Predicting drug sensitivity
- Agnieszka M Lichanska
© BioMed Central Ltd 2001
Received: 9 October 2001
Published: 28 November 2001
Transcriptional profiling of 60 human cancer lines has been used to assess chemosensitivity to 232 chemical compounds.
Significance and context
Pharmacogenomics aims to predict an individual patient's response to particular drugs on the basis of their genotype, in order to design tailor-made treatments. These are particularly needed in cancer, where the ease with which drug resistance develops is most variable and unpredictable. A known effective drug is expected to kill the tumor, but most of these drugs can also have serious side effects on the patient's metabolism. The development of oligonucleotide microarrays that enable analysis of the expression of many genes simultaneously will make it easier to predict which cellular functions are likely to be affected by a drug.

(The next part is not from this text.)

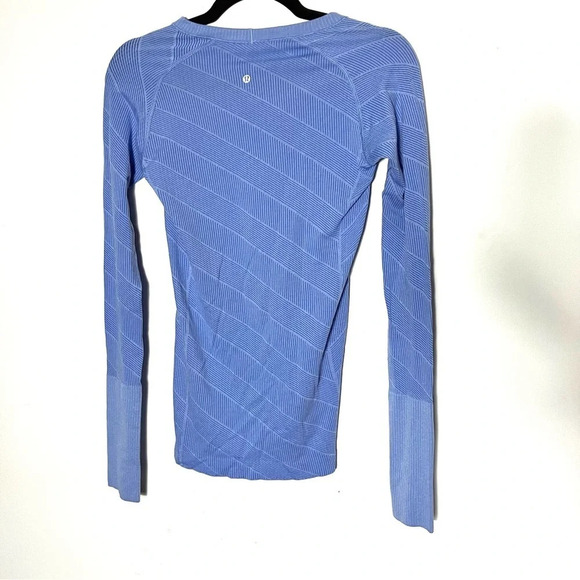 Lululemon x Soul Cycle Swiftly Long Sleeve‎ with Graphic 6 - Picture 5 of 7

Staunton et al. have developed a new algorithm for analyzing gene expression with respect to the drug sensitivity of the cells. The authors combined information from the analysis of gene expression in untreated cells and from drug-sensitivity testing (232 drugs out of 5,084 initially assayed) in 60 tumor cell lines to find sets of genes (classifiers) that describe a cell's sensitivity. Generation of the classifiers was based on training sets, and experimental results from the remaining cell lines were used to test the accuracy of the predictions.
Statistical analysis showed that the classification based on gene expression is significantly non-random. The validity of the classifiers was evaluated on a test set with 38% of the expression-based classifiers performing with an accuracy of 64-92%. This indicates that there is a significant group of drugs for which expression data have adequate predictive power.
The authors show example results for cytochalasin D, for which a 120-gene classifier of 80% accuracy predicted sensitivity in 20 of the cell lines. Of the classifier genes, 24% were cytoskeleton and extracellular matrix (ECM) genes, in keeping with the known mode of drug function. In contrast, the highly accurate (87%) gene classifier for the antifolate drug NSC633713 also includes more than 20% cytoskeletal/ECM genes. These results were unexpected, and suggest that cytoskeleton components might influence cell sensitivity to drugs independent of their cellular target.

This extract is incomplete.